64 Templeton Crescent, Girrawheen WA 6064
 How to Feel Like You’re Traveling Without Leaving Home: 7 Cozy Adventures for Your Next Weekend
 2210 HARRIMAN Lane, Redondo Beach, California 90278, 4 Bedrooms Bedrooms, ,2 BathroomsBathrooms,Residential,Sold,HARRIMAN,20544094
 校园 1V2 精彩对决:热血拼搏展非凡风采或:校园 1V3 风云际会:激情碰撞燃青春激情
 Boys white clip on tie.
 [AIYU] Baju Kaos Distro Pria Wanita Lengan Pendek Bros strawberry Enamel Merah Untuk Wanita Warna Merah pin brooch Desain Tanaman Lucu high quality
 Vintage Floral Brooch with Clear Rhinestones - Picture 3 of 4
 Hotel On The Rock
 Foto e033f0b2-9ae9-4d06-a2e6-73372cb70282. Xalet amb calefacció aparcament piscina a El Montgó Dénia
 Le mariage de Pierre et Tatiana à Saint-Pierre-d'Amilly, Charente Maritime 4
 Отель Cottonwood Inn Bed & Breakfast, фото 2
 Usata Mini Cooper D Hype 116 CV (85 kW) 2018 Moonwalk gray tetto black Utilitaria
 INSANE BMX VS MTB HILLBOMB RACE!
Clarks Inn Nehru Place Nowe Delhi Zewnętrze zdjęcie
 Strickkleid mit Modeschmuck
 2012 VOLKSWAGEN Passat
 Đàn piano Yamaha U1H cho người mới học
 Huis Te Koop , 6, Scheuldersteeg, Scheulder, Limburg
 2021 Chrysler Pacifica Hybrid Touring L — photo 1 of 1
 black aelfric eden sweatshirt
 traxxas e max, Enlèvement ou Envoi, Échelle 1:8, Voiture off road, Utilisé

----------------

Repeat the listing exactly.

64 Templeton Crescent, Girrawheen WA 6064
 How to Feel Like You’re Traveling Without Leaving Home: 7 Cozy Adventures for Your Next Weekend
 2210 HARRIMAN Lane, Redondo Beach, California 90278, 4 Bedrooms Bedrooms, ,2 BathroomsBathrooms,Residential,Sold,HARRIMAN,20544094
 校园 1V2 精彩对决:热血拼搏展非凡风采或:校园 1V3 风云际会:激情碰撞燃青春激情
 Boys white clip on tie.
 [AIYU] Baju Kaos Distro Pria Wanita Lengan Pendek Bros strawberry Enamel Merah Untuk Wanita Warna Merah pin brooch Desain Tanaman Lucu high quality
 Vintage Floral Brooch with Clear Rhinestones - Picture 3 of 4
 Hotel On The Rock
 Foto e033f0b2-9ae9-4d06-a2e6-73372cb70282. Xalet amb calefacció aparcament piscina a El Montgó Dénia
 Le mariage de Pierre et Tatiana à Saint-Pierre-d'Amilly, Charente Maritime 4
 Отель Cottonwood Inn Bed & Breakfast, фото 2
 Usata Mini Cooper D Hype 116 CV (85 kW) 2018 Moonwalk gray tetto black Utilitaria
 INSANE BMX VS MTB HILLBOMB RACE!
Clarks Inn Nehru Place Nowe Delhi Zewnętrze zdjęcie
 Strickkleid mit Modeschmuck
 2012 VOLKSWAGEN Passat
 Đàn piano Yamaha U1H cho người mới học
 Huis Te Koop , 6, Scheuldersteeg, Scheulder, Limburg
 2021 Chrysler Pacifica Hybrid Touring L — photo 1 of 1
 black aelfric eden sweatshirt
 traxxas e max, Enlèvement ou Envoi, Échelle 1:8, Voiture off road, Utilisé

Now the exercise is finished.